Ousmane Sonko, figure emblématique de PASTEF, a récemment averti qu’il pourrait déposer une motion de censure contre l’équipe gouvernementale. S’exprimant lors d’une rencontre à Touba, il a affirmé sans équivoque que son parti serait prêt à activer ce mécanisme parlementaire pour s’opposer à des pratiques jugées inacceptables par sa formation politique.
Hier, à l’occasion des « 48 heures de PASTEF » tenues à Touba, Ousmane Sonko a brandi la perspective d’une motion de censure à l’encontre du gouvernement dirigé par le Premier ministre Al Aminou Lo. Le leader de PASTEF a clairement indiqué que son mouvement n’hésiterait pas à recourir à cet instrument législatif si les orientations actuelles de l’exécutif venaient à persister.
« Nous mobiliserons tous les leviers légaux à notre disposition, y compris la motion de censure, pour faire chuter le gouvernement, et ce, autant de fois que la situation l’exigera », a déclaré Ousmane Sonko devant les militants rassemblés de son parti. Le président de PASTEF a justifié cette position en insistant sur le fait que sa formation politique ne saurait tolérer des agissements qu’elle considère contraires aux principes fondamentaux pour lesquels ses membres se sont battus.

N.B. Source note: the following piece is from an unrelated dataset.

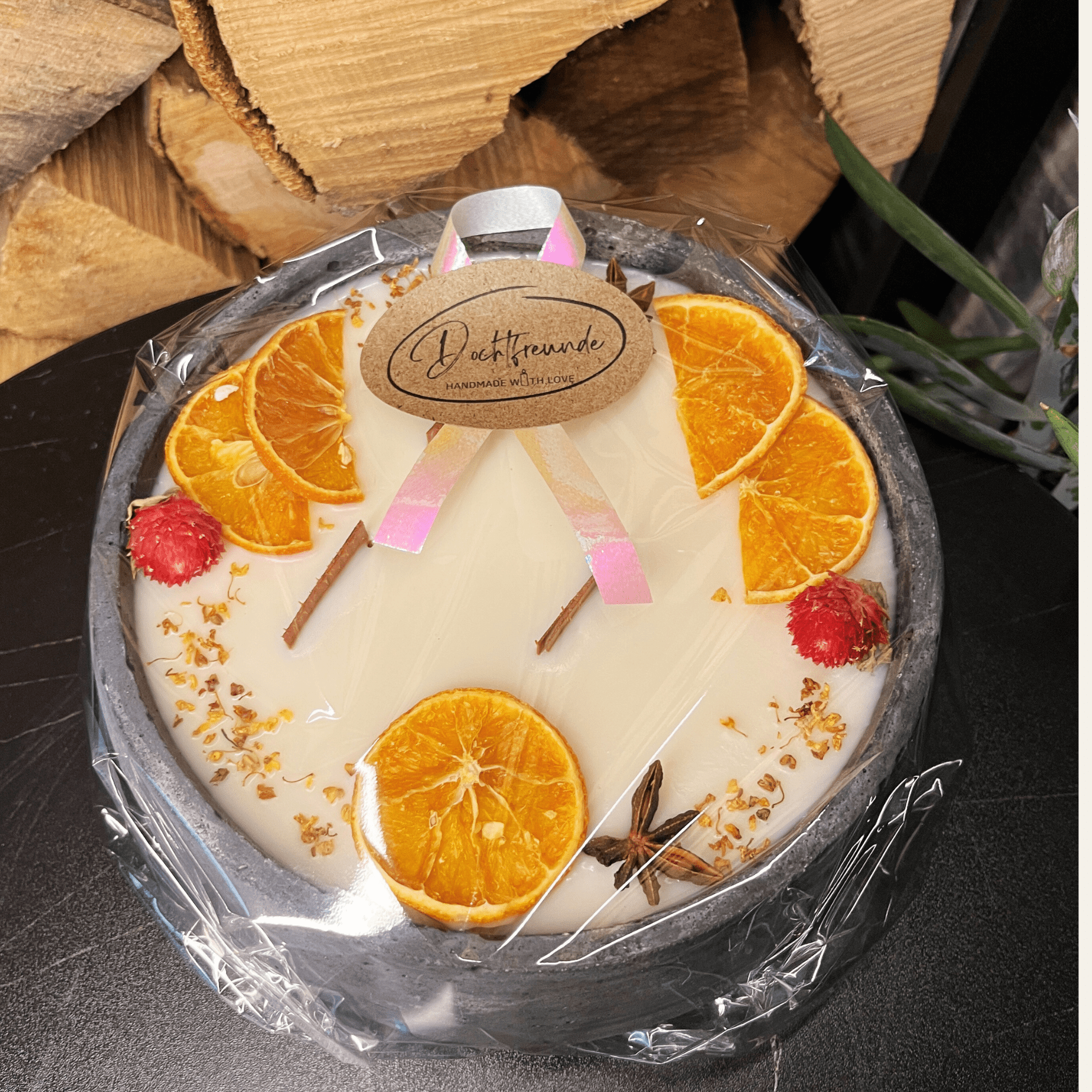 Handbesetze XXL Outdoor Citronella - Betonkerze Black Edition „Big Black - Mugge Schreck“ – Mit drei Holdochten - Handgemachter Insektenschutz aus dem Südschwarzwald mit Blütenverzierung - Ignara Living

« Nous avons mené un combat de dix ans, marqué par des sacrifices et des martyrs. Nous ne laisserons pas de telles pratiques s’ancrer », a-t-il affirmé avec détermination. Par cette déclaration, Ousmane Sonko positionne ainsi la motion de censure au cœur de son arsenal politique face à l’administration en place. Il estime que ce recours parlementaire constitue un moyen légitime de s’opposer aux décisions qu’il désapprouve et assure que PASTEF est prêt à l’employer chaque fois que les circonstances l’imposeront.